Harrelson's family life is an interesting one. He has married two sisters, Barbara (Cynthia Nixon) and Helen (Brie Larson) "consecutively." and had a daughter with each one. Somehow he's managed to keep them living next door to each other, a situation which would be convenient if it worked out like he imagined. He has no compunctions about hitting on one sister for sex, and being turned down, he propositions the other. She also turns him down. Dave Brown's act has gotten old for them. His daughters have a little more tolerance, the younger more than the older. We learn pretty quickly that Dave has reached a point where he's powerless concerning his family. He asks his older daughter about a collage she's put on the wall which contains a woman's heel coming down on a man's face, with the word "Cunt" prominently featured. "What's it all about?" he asks, clearly wishing it taken down. "Figure it out." she tells him. The collage stays up and being shut down on two counts, Dave heads to the bar to find somebody else.

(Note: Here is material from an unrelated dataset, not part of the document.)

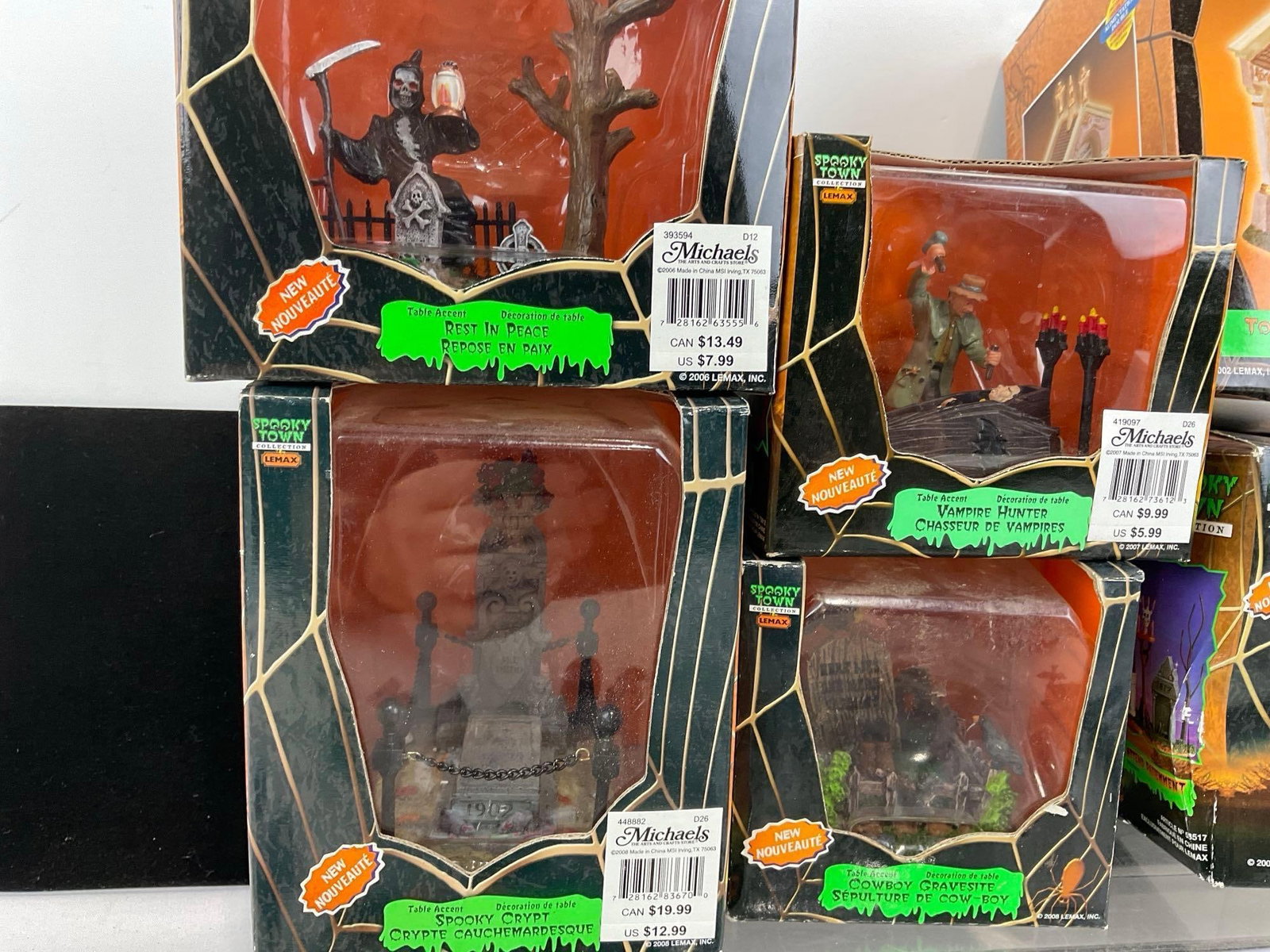 Lemax Spooky Town Halloween pieces, 6 in box, & Figures, in packaging - 2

He finds a girl who's "into cops" She coaxes the "handle" his partners use out of him to take a shortcut in getting to know him. She's initially horrified when he tells her his handle is "Date Rape." He quickly assures her that this doesn't refer to his activities directly, but that he "may or may not have" killed a serial date rapist at some point in the past. He gets her in bed, which sadly ends with her shrugging and saying "oh, well."
Dave is patrolling in his squad car, when another car runs right into him. He gets out of his car to approach the other driver, but gets hit with the door before the driver starts running. Dave gives chase, catches the man, and then beats him senseless with his billy club. He doesn't realize that he's being filmed and his actions are almost instantly on TV everywhere. He's asked to explain himself to the Assistant D.A. Joan Confrey (Sigourney Weaver) who starts their conversation, asking if he's thought of retirement. He answers by illustrating a public relations nightmare fore her. "So you have thought of it." she replies. Dave's position is that he was responding to "assault with a deadly weapon." And, he sticks to that.
At the bar, looking for companionship he meets defense attorney, Linda Fentress (Robin Wright) while the TV is showing the beating incident. He has the feeling that she was looking for him. She hates what she does, she tells him, putting criminals back on the streets, but she respects what he did, killing that rapist. The two start a volatile back and forth, based on cheap thrills, enmity, and perhaps career goals.
He soon meets with his mentor figure, shady retired cop, Hartshorn (Ned Beatty.) Hartshorn is more crooked than Dave, although he's much better connected. "Stick to your assault with a deadly weapon story." he advises, and informs him that he's become a target. Hartshorn has a code and he won't name names, however. He does tell Dave he'll try to take some of the heat off of him, and gives him a tip on a backroom card game that should have a lot of money present. Someone else has heard about it too, and as Dave is casing the game, he watches it get robbed. He chases down the robbers killing one of them, and letting another one go with some of the money. He stashes the cash, plants a gun and then calls it in.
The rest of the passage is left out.